__How to complete this task__
Transcribe the listing below exactly, without pictures.

[Opening Dataset extract section]

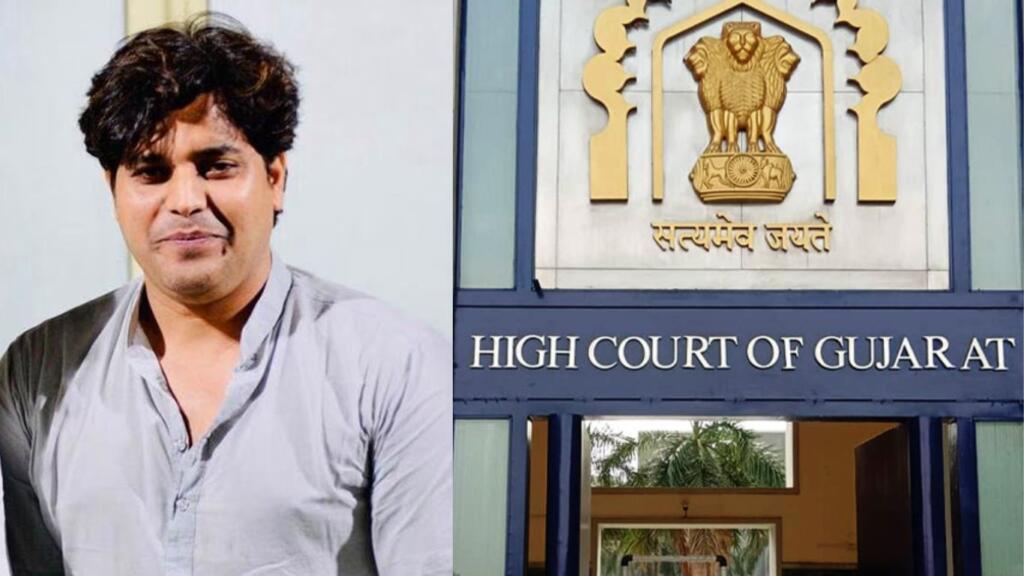 Gujarat High Court rejected the petition of Imran Pratapgarhi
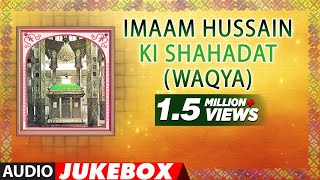 ► इमाम हुसैन की शहदात (वाक़या) (Audio jukebox) : Hussain Ibn Ali || T-Series Islamic Music
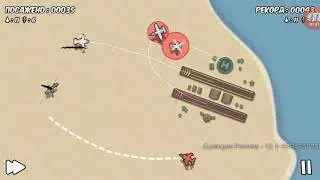 Planes Control - Desert Strike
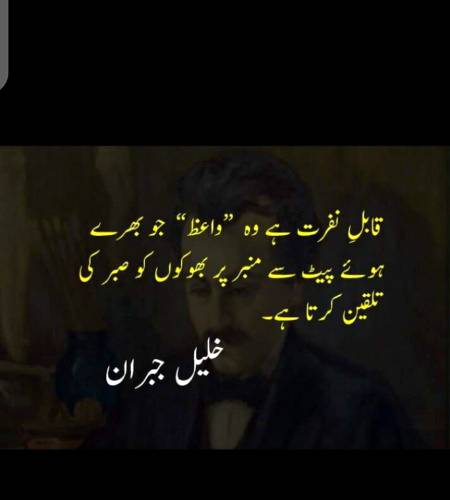 Hmm right🙂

[Closing Dataset extract section]

__Task answer__
 Gujarat High Court rejected the petition of Imran Pratapgarhi
 ► इमाम हुसैन की शहदात (वाक़या) (Audio jukebox) : Hussain Ibn Ali || T-Series Islamic Music
 Planes Control - Desert Strike
 Hmm right🙂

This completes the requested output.